Records drawn from a dataset
:::

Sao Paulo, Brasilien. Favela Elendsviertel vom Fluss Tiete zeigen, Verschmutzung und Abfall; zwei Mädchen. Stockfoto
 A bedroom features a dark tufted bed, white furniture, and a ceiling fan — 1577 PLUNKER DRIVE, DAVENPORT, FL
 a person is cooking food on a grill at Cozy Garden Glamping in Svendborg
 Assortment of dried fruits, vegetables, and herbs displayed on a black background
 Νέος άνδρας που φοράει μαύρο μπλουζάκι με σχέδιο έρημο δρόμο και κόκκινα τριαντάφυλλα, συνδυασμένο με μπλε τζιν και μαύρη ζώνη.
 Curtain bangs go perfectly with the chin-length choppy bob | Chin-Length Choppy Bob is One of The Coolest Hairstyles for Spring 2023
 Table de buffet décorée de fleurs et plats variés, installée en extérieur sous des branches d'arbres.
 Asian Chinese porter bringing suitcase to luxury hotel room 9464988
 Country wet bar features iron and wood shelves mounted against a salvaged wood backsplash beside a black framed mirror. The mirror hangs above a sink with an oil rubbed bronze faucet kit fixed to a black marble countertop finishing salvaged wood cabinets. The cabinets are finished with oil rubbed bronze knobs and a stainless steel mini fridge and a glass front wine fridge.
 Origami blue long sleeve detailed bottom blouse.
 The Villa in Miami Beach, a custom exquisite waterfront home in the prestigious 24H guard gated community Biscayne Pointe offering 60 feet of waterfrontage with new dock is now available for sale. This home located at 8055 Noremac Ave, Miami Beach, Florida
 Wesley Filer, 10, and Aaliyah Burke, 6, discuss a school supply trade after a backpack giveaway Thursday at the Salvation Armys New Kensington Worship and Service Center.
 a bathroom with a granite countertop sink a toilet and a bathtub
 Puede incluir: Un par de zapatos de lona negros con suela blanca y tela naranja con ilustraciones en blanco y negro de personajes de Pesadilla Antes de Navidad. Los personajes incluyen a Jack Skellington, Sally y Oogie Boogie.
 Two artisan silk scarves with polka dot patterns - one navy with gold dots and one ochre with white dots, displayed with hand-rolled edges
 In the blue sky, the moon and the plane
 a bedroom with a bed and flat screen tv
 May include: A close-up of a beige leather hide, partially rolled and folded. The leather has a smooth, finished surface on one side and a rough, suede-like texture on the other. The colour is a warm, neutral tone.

:::

▸ **WHAT THE EXERCISE ASKS**
An exact repetition of all the entries is required.

▸ **WRITTEN RESPONSE**
Sao Paulo, Brasilien. Favela Elendsviertel vom Fluss Tiete zeigen, Verschmutzung und Abfall; zwei Mädchen. Stockfoto
 A bedroom features a dark tufted bed, white furniture, and a ceiling fan — 1577 PLUNKER DRIVE, DAVENPORT, FL
 a person is cooking food on a grill at Cozy Garden Glamping in Svendborg
 Assortment of dried fruits, vegetables, and herbs displayed on a black background
 Νέος άνδρας που φοράει μαύρο μπλουζάκι με σχέδιο έρημο δρόμο και κόκκινα τριαντάφυλλα, συνδυασμένο με μπλε τζιν και μαύρη ζώνη.
 Curtain bangs go perfectly with the chin-length choppy bob | Chin-Length Choppy Bob is One of The Coolest Hairstyles for Spring 2023
 Table de buffet décorée de fleurs et plats variés, installée en extérieur sous des branches d'arbres.
 Asian Chinese porter bringing suitcase to luxury hotel room 9464988
 Country wet bar features iron and wood shelves mounted against a salvaged wood backsplash beside a black framed mirror. The mirror hangs above a sink with an oil rubbed bronze faucet kit fixed to a black marble countertop finishing salvaged wood cabinets. The cabinets are finished with oil rubbed bronze knobs and a stainless steel mini fridge and a glass front wine fridge.
 Origami blue long sleeve detailed bottom blouse.
 The Villa in Miami Beach, a custom exquisite waterfront home in the prestigious 24H guard gated community Biscayne Pointe offering 60 feet of waterfrontage with new dock is now available for sale. This home located at 8055 Noremac Ave, Miami Beach, Florida
 Wesley Filer, 10, and Aaliyah Burke, 6, discuss a school supply trade after a backpack giveaway Thursday at the Salvation Armys New Kensington Worship and Service Center.
 a bathroom with a granite countertop sink a toilet and a bathtub
 Puede incluir: Un par de zapatos de lona negros con suela blanca y tela naranja con ilustraciones en blanco y negro de personajes de Pesadilla Antes de Navidad. Los personajes incluyen a Jack Skellington, Sally y Oogie Boogie.
 Two artisan silk scarves with polka dot patterns - one navy with gold dots and one ochre with white dots, displayed with hand-rolled edges
 In the blue sky, the moon and the plane
 a bedroom with a bed and flat screen tv
 May include: A close-up of a beige leather hide, partially rolled and folded. The leather has a smooth, finished surface on one side and a rough, suede-like texture on the other. The colour is a warm, neutral tone.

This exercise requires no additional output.